→ Work item
From the line holding "Luxury Women's Cashmere" through the line holding "Kraft Deluxe Mac" below, write out every line exactly; include both of those lines and drop the pictures.

→ Records for the task
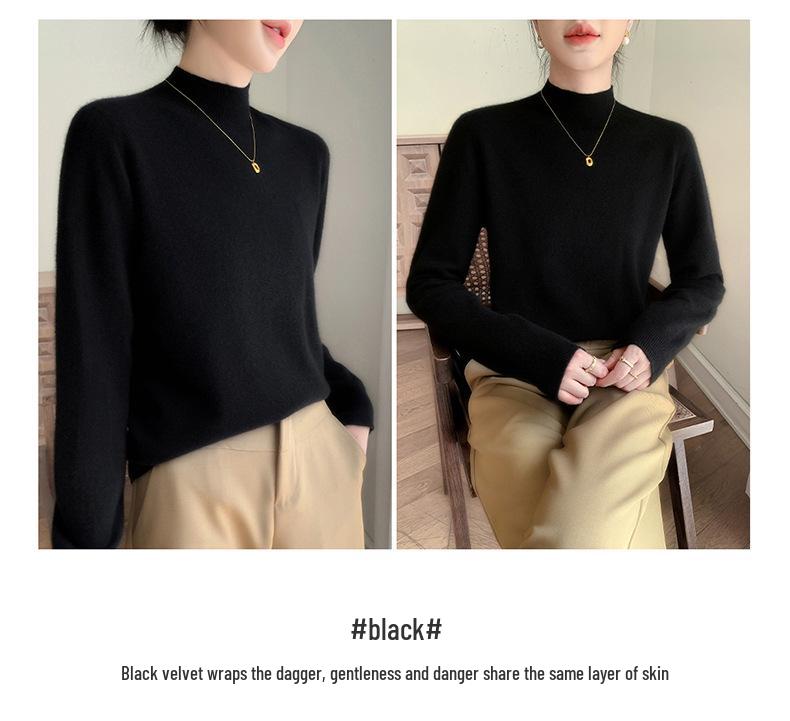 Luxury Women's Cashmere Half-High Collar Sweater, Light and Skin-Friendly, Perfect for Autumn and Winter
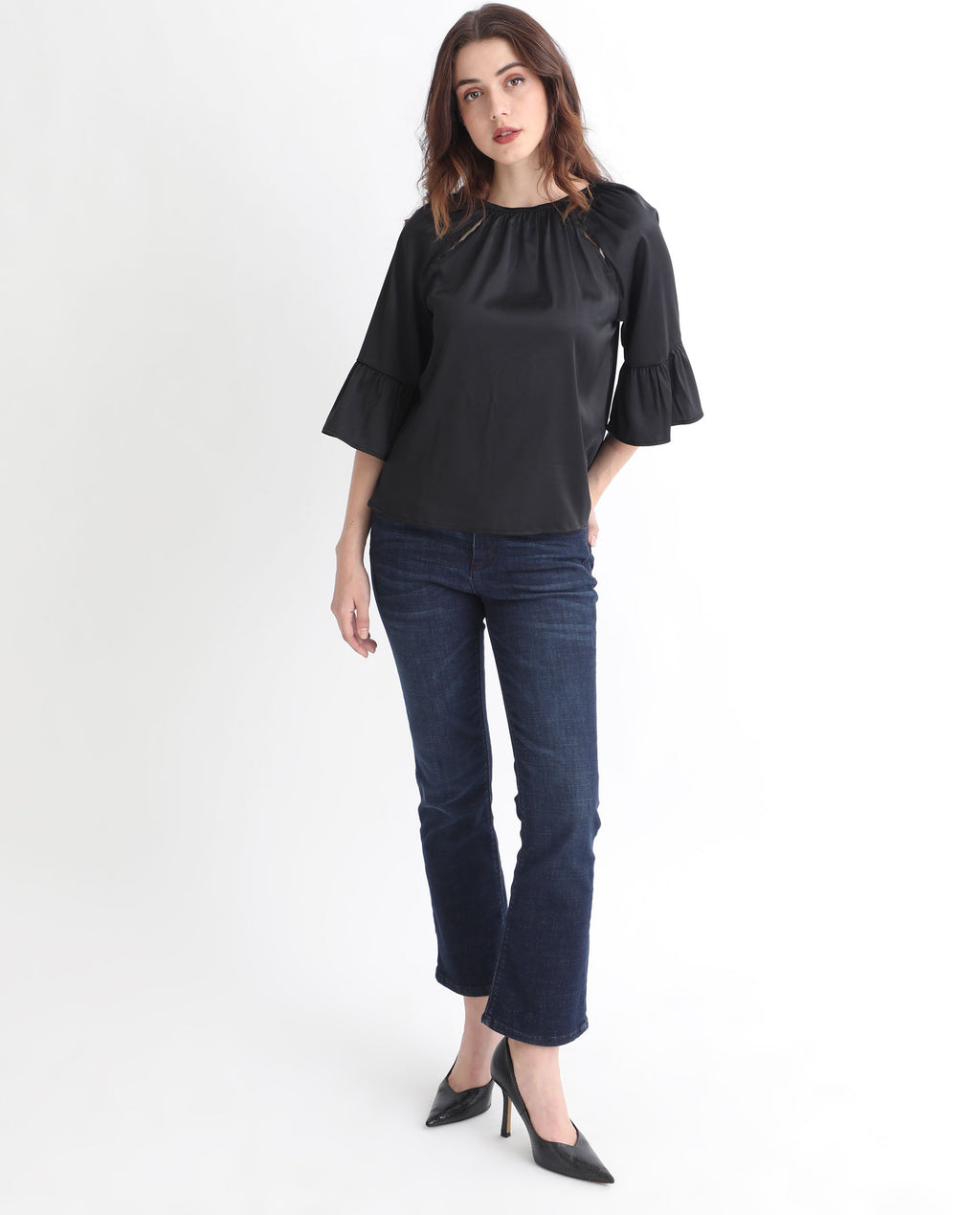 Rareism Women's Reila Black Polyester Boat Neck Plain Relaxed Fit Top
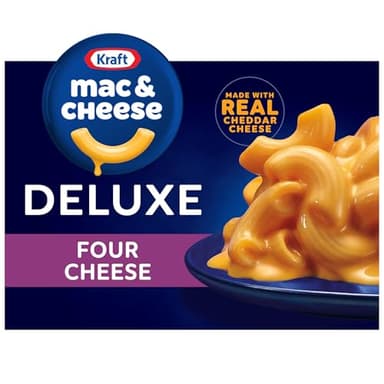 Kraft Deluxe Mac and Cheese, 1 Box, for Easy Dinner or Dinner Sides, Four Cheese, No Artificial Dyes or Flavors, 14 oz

--

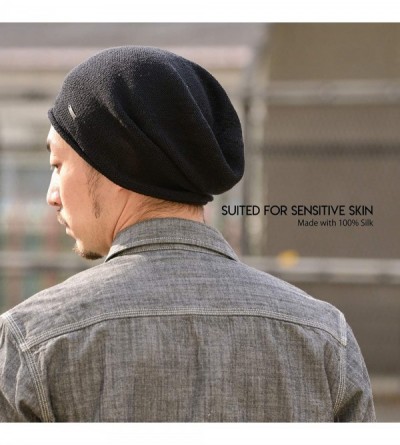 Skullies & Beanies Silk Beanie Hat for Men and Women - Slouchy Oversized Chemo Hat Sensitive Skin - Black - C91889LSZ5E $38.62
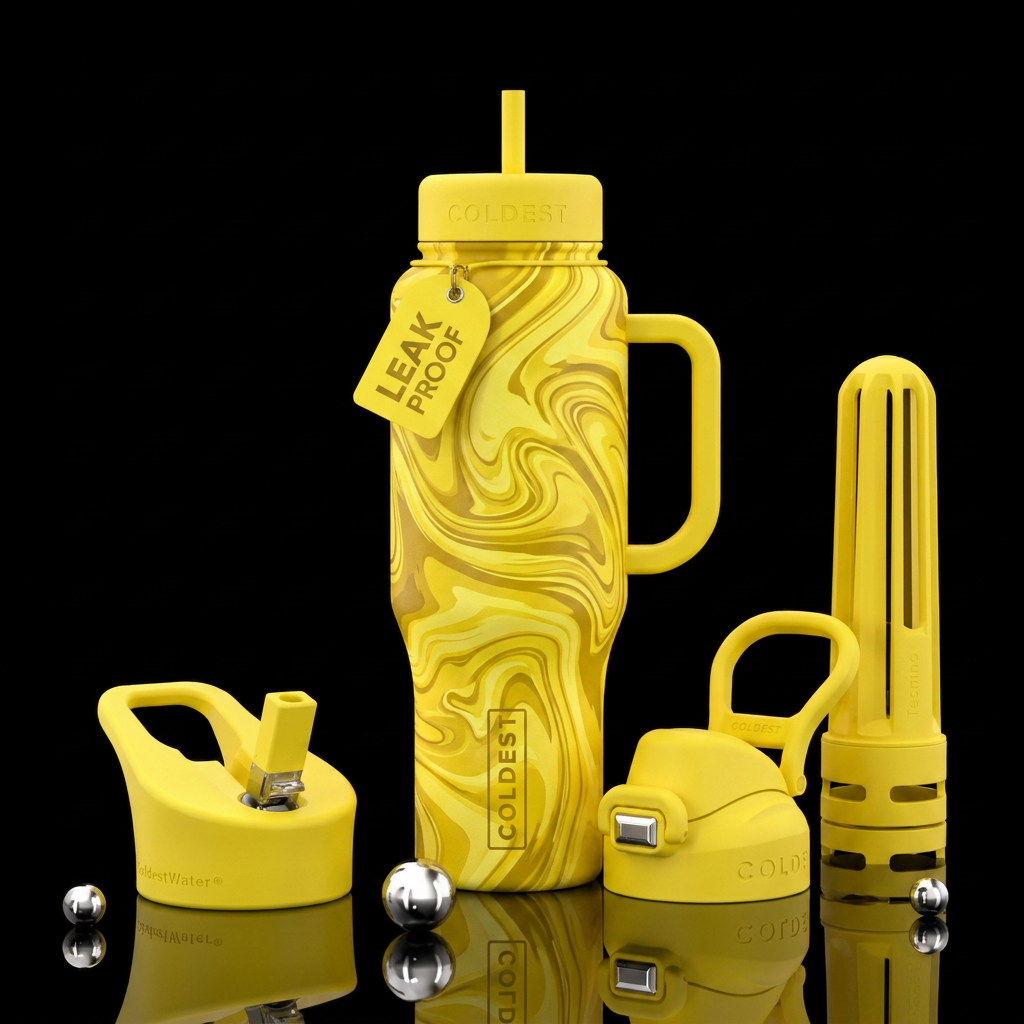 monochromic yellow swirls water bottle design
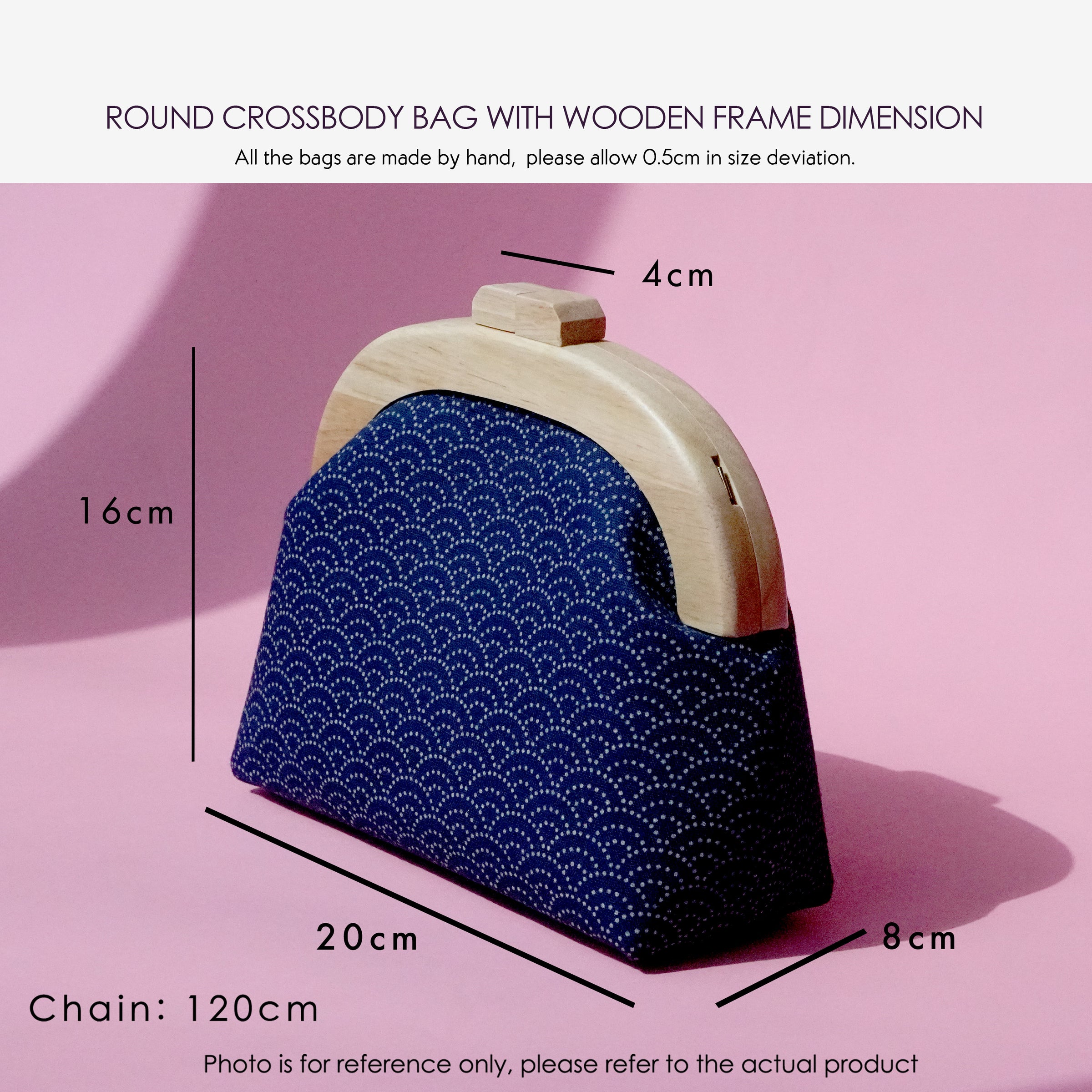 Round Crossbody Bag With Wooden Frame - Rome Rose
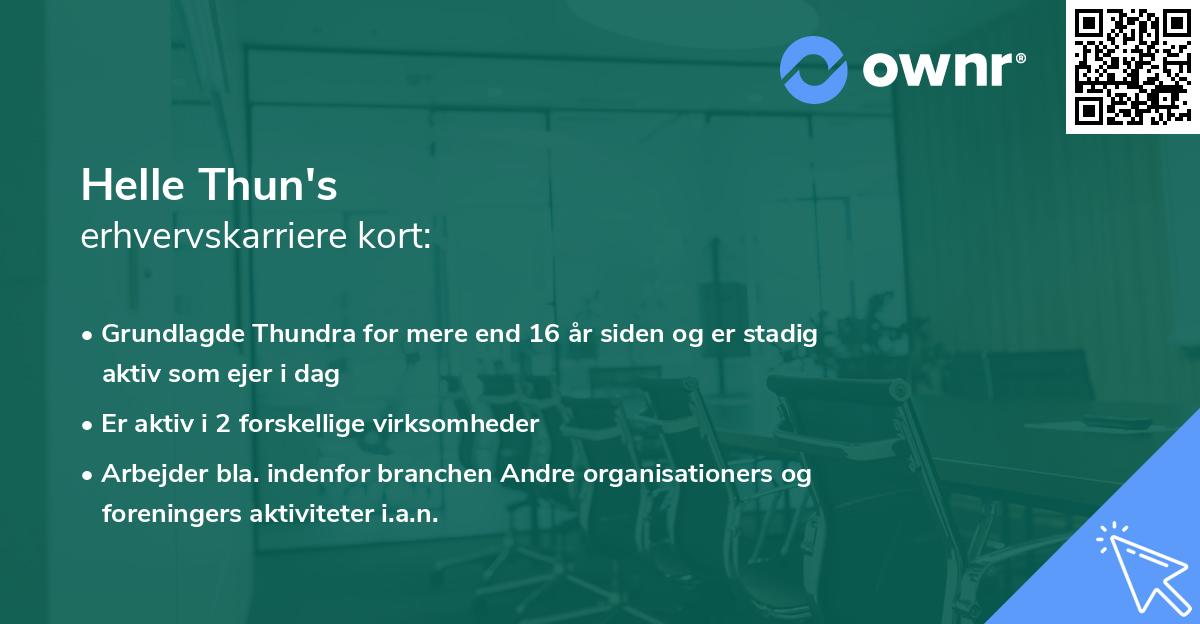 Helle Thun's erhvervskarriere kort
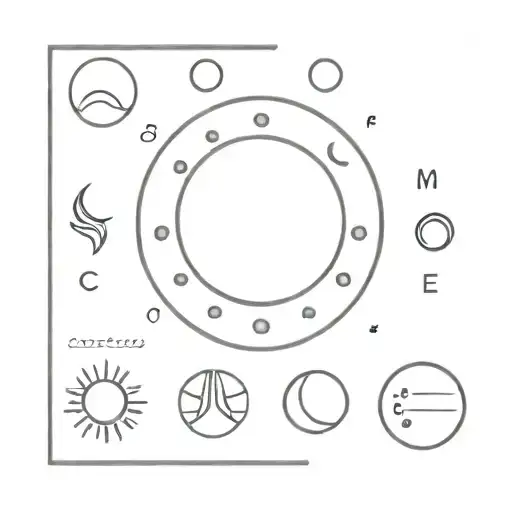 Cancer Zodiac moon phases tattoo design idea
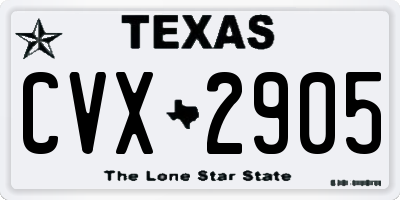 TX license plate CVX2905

==

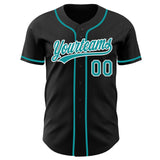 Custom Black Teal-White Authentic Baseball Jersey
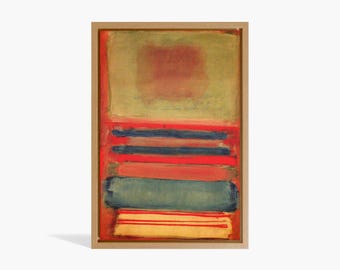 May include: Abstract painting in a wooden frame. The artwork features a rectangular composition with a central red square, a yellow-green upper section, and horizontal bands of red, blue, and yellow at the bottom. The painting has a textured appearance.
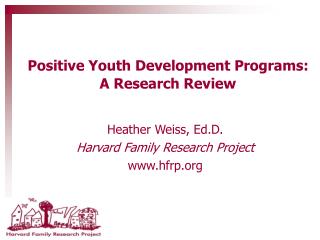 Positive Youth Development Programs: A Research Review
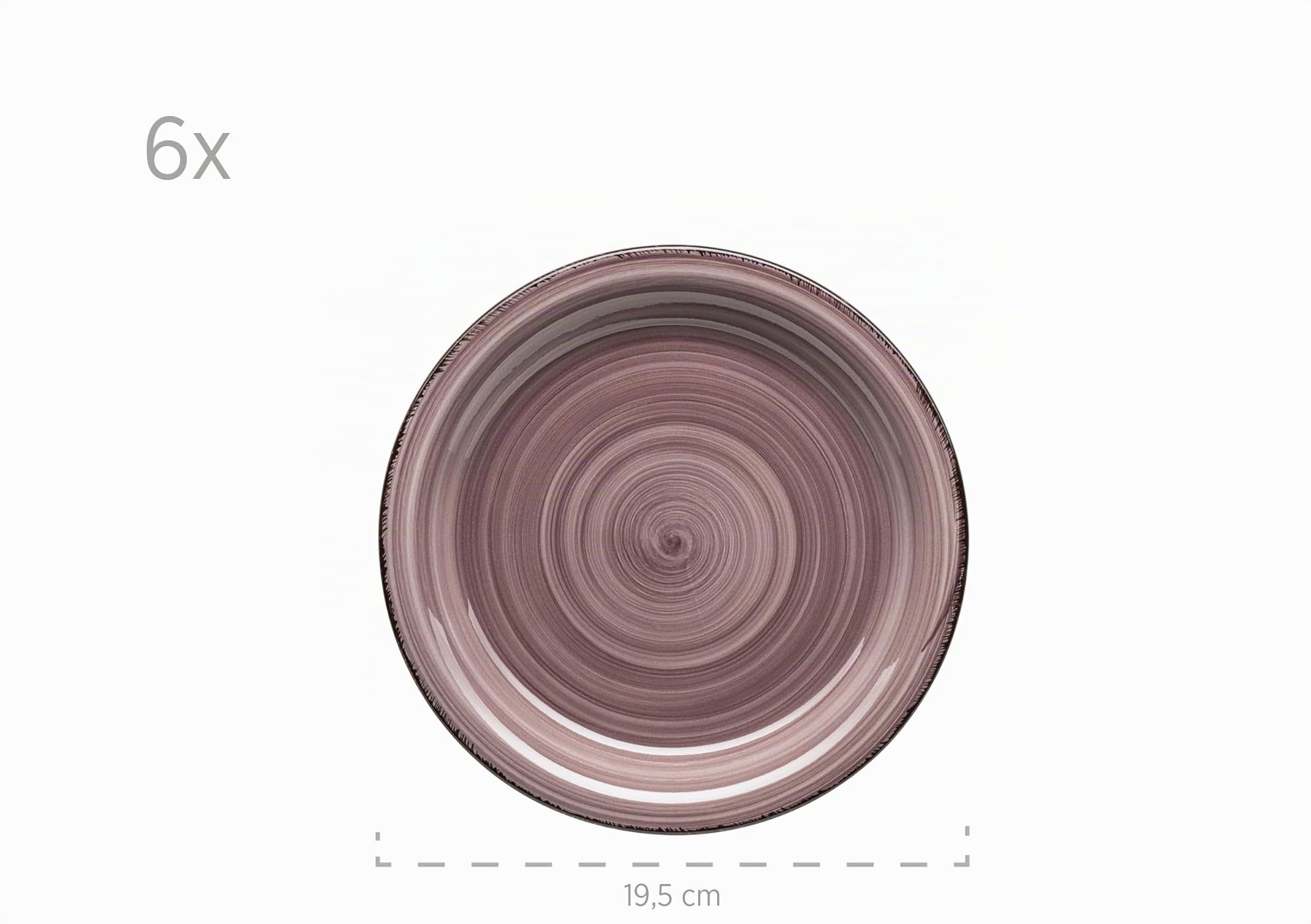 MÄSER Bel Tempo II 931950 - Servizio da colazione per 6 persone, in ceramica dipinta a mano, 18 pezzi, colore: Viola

→ Response to this exercise
 Luxury Women's Cashmere Half-High Collar Sweater, Light and Skin-Friendly, Perfect for Autumn and Winter
 Rareism Women's Reila Black Polyester Boat Neck Plain Relaxed Fit Top
 Kraft Deluxe Mac and Cheese, 1 Box, for Easy Dinner or Dinner Sides, Four Cheese, No Artificial Dyes or Flavors, 14 oz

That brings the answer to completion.